[[ DATA EXCERPTS open ]]

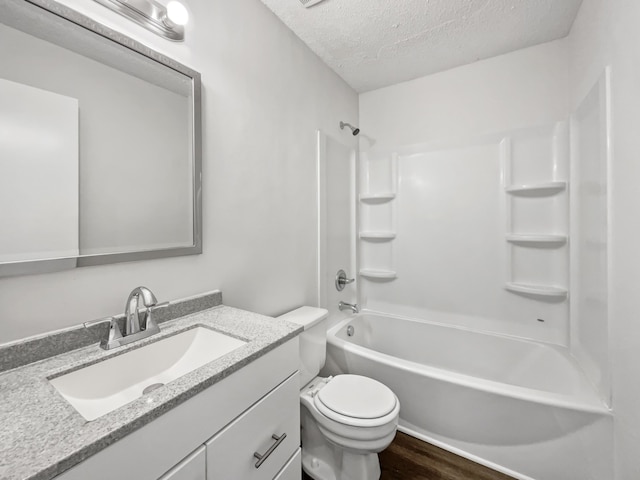 full bathroom with washtub / shower combination, wood-type flooring, a textured ceiling, toilet, and vanity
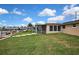 Spacious backyard with a view of the waterfront and mature landscaping at 12637 2Nd Isle, Hudson, FL 34667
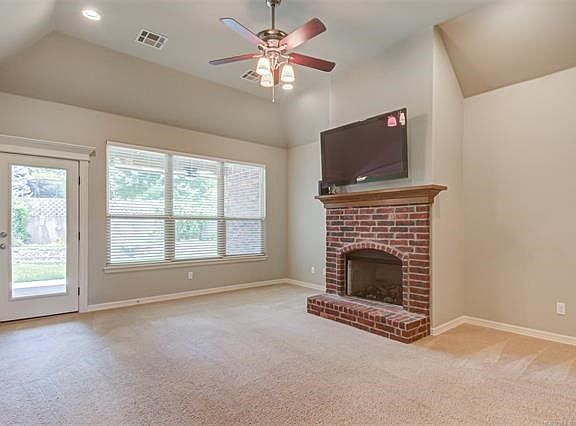 Living room with vaulted ceiling, gas fire place, door to back covered patio, and blinds that adorn the large windows!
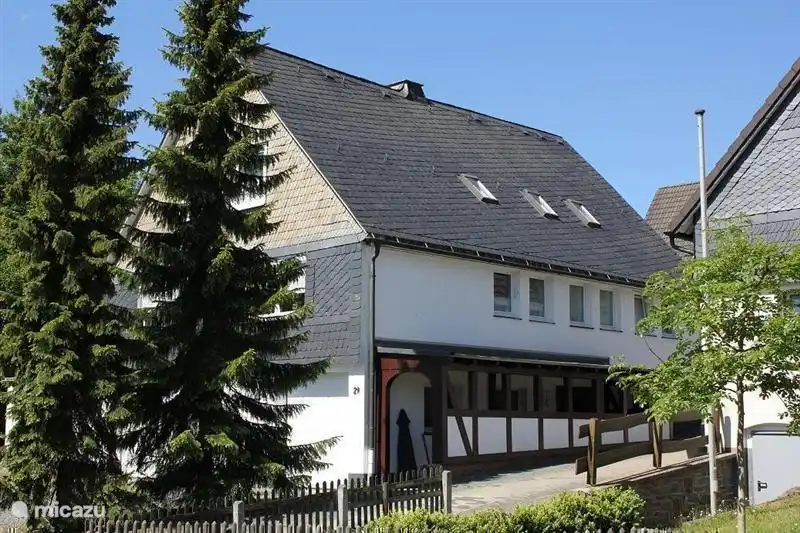 Hier ziet u onze zeer grote vakantiewoning waar u met de hele familie een weekeinde kunt doorbrengen. De overdekte entree van onze woning bevindt zich in de zijgevel.Voor ons huis staan twee grote dennenbomen die in de winter voor een fraaie decoratie zorgen.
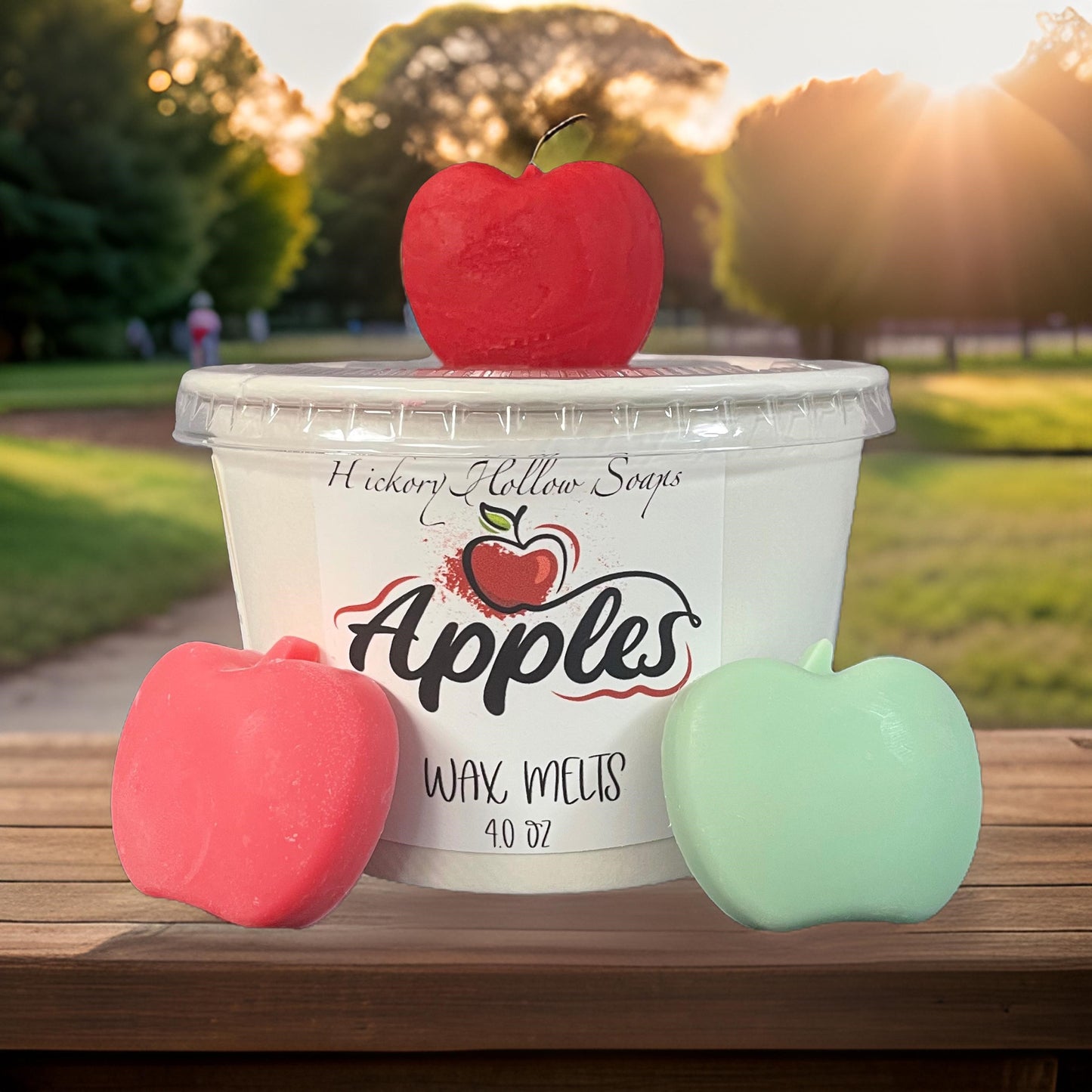 Red and green apple wax melts next to a container labeled 'Apples Wax Melts' in a scenic outdoor setting.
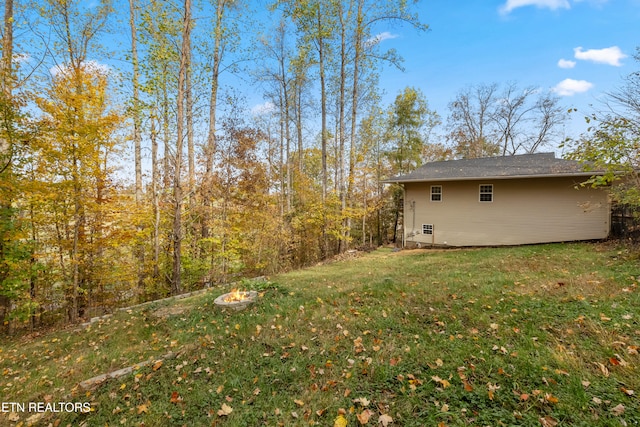 view of yard with a fire pit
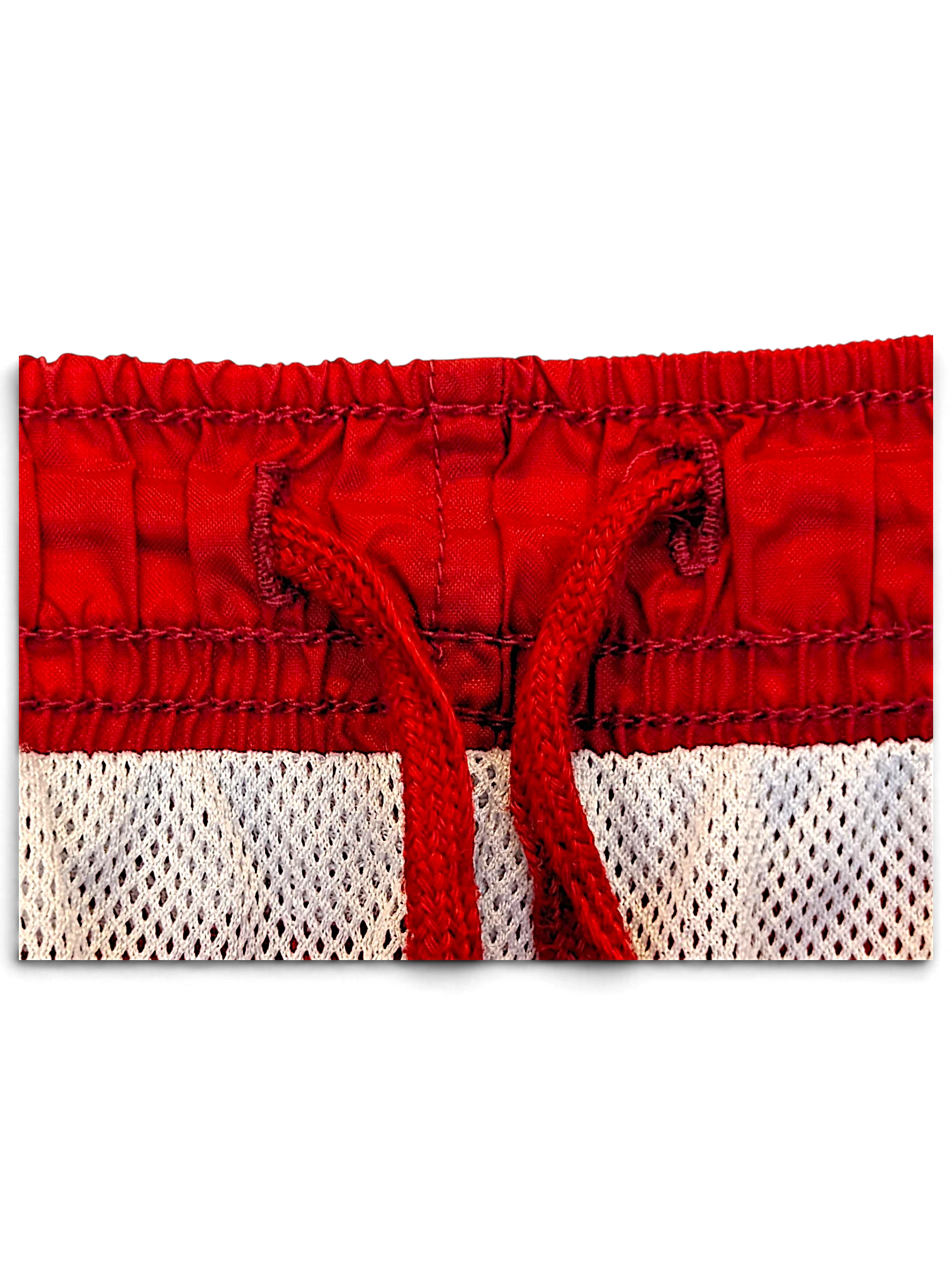 JAKE & IPI Nike red track pants featuring an elasticated waistband with a matching red drawstring and mesh lining.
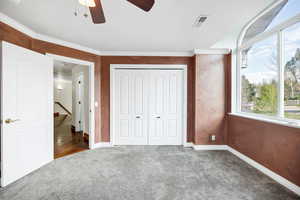 Unfurnished bedroom featuring visible vents, a closet, carpet flooring, and multiple windows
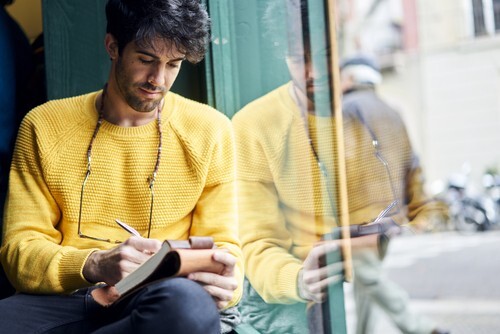 man writing in notebook next to glass window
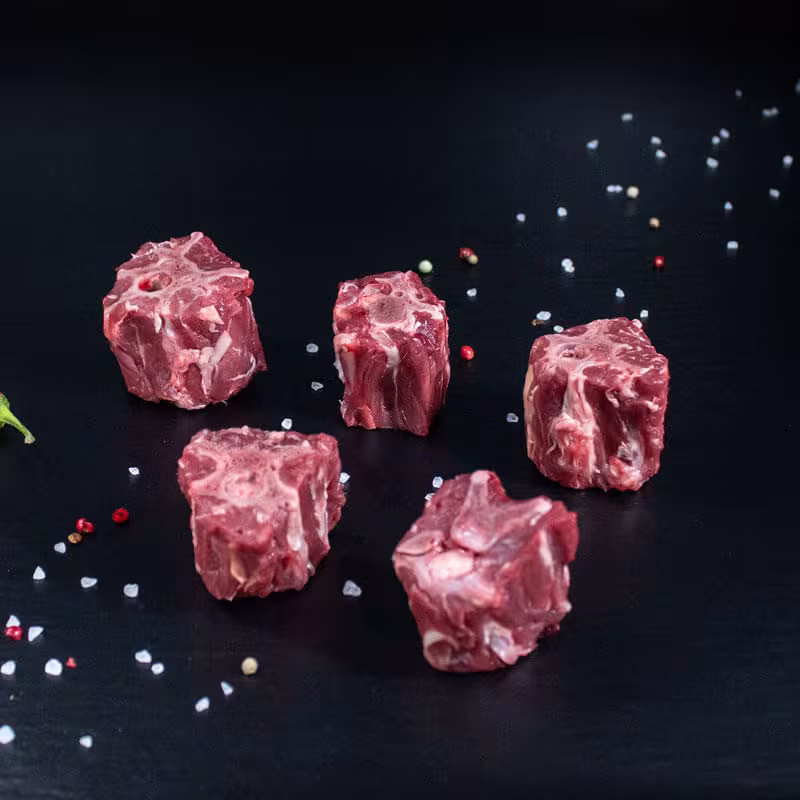 Rohe Rehknochen für den Wildfond mit Pfeffer, Salz und Chili auf dunklem Untergrund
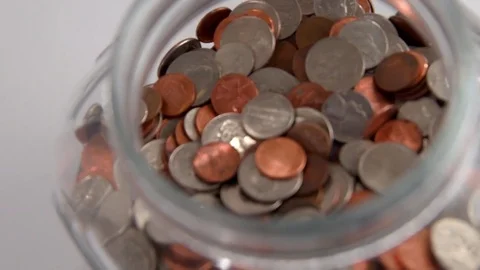Looking into Clear Jar with Coins Stock Footage 74959176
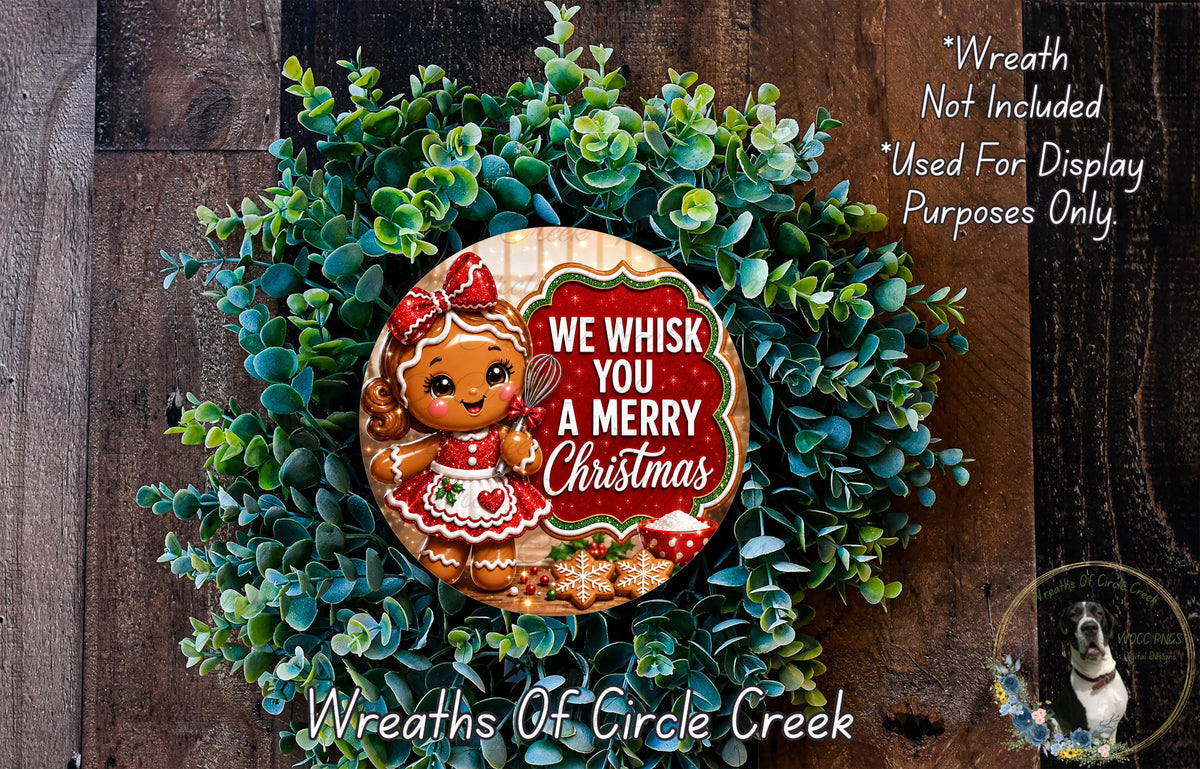 A wreath made of green foliage and featuring a gingerbread girl with a red bow, surrounded by the text "We Whisk You A Merry Christmas".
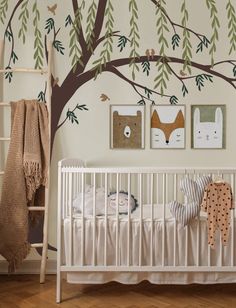 a baby's room with a tree wall decal and pictures on the wall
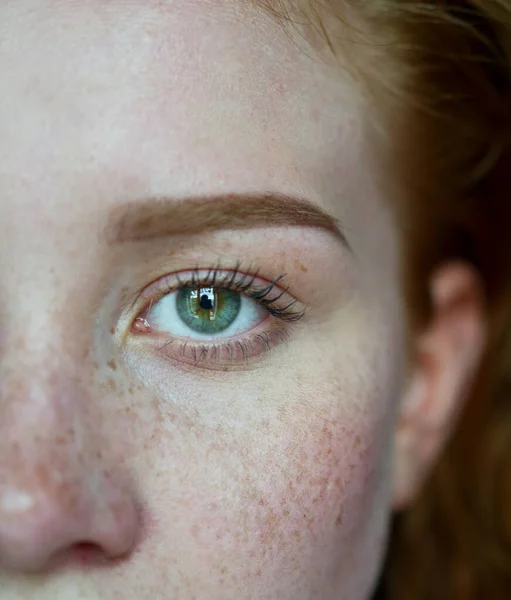 半分の女性の顔で緑の目とそばかす — ストック写真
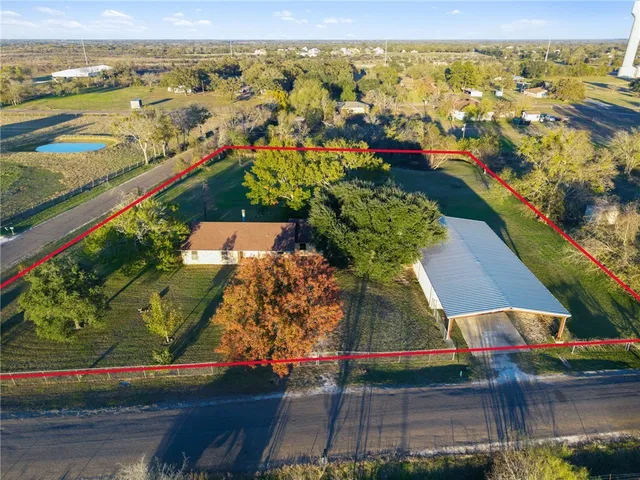 an aerial view of residential houses with outdoor space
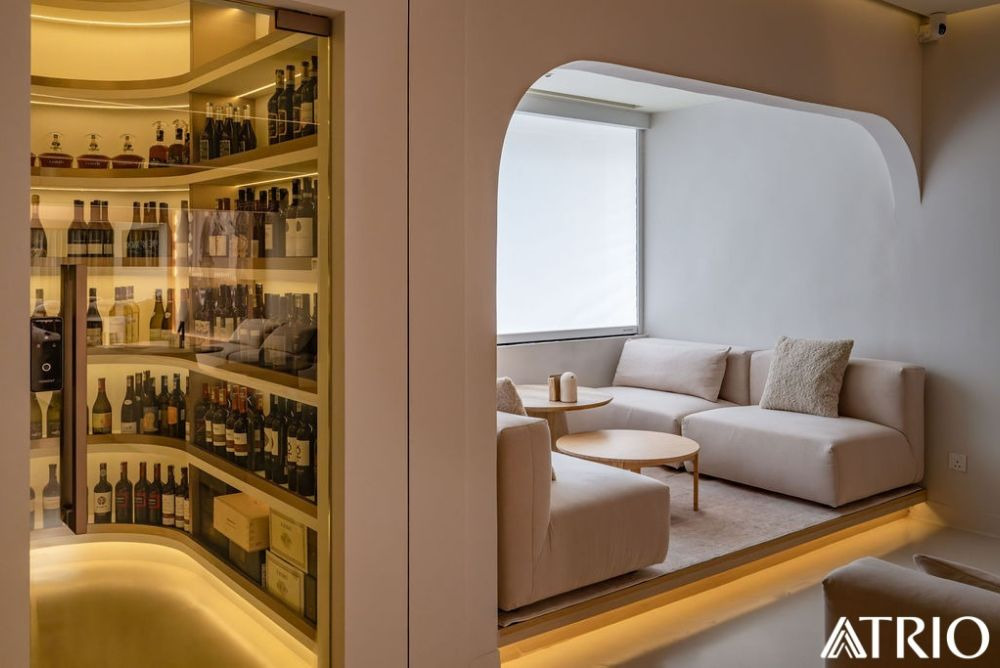 Arched bottle display and lounge seating in a modern bohemian bar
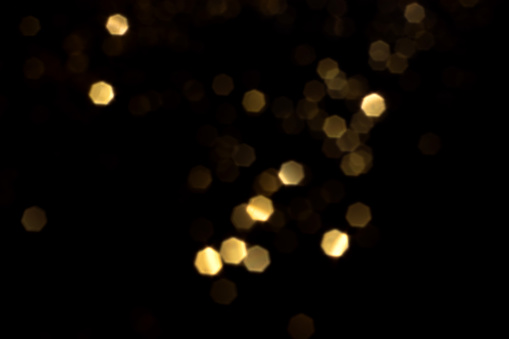 Abstract golden bokeh background with blur effects and sparks for a glamorous holiday concept.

[[ DATA EXCERPTS closed ]]

Return only the lines from the one that contains "Spacious backyard with" through the closing line of the data, inclusive, reproduced exactly and with every picture left out.

→ ANSWER TO THE EXERCISE:
 Spacious backyard with a view of the waterfront and mature landscaping at 12637 2Nd Isle, Hudson, FL 34667
 Living room with vaulted ceiling, gas fire place, door to back covered patio, and blinds that adorn the large windows!
 Hier ziet u onze zeer grote vakantiewoning waar u met de hele familie een weekeinde kunt doorbrengen. De overdekte entree van onze woning bevindt zich in de zijgevel.Voor ons huis staan twee grote dennenbomen die in de winter voor een fraaie decoratie zorgen.
 Red and green apple wax melts next to a container labeled 'Apples Wax Melts' in a scenic outdoor setting.
 view of yard with a fire pit
 JAKE & IPI Nike red track pants featuring an elasticated waistband with a matching red drawstring and mesh lining.
 Unfurnished bedroom featuring visible vents, a closet, carpet flooring, and multiple windows
 man writing in notebook next to glass window
 Rohe Rehknochen für den Wildfond mit Pfeffer, Salz und Chili auf dunklem Untergrund
Looking into Clear Jar with Coins Stock Footage 74959176
 A wreath made of green foliage and featuring a gingerbread girl with a red bow, surrounded by the text "We Whisk You A Merry Christmas".
 a baby's room with a tree wall decal and pictures on the wall
 半分の女性の顔で緑の目とそばかす — ストック写真
 an aerial view of residential houses with outdoor space
 Arched bottle display and lounge seating in a modern bohemian bar
 Abstract golden bokeh background with blur effects and sparks for a glamorous holiday concept.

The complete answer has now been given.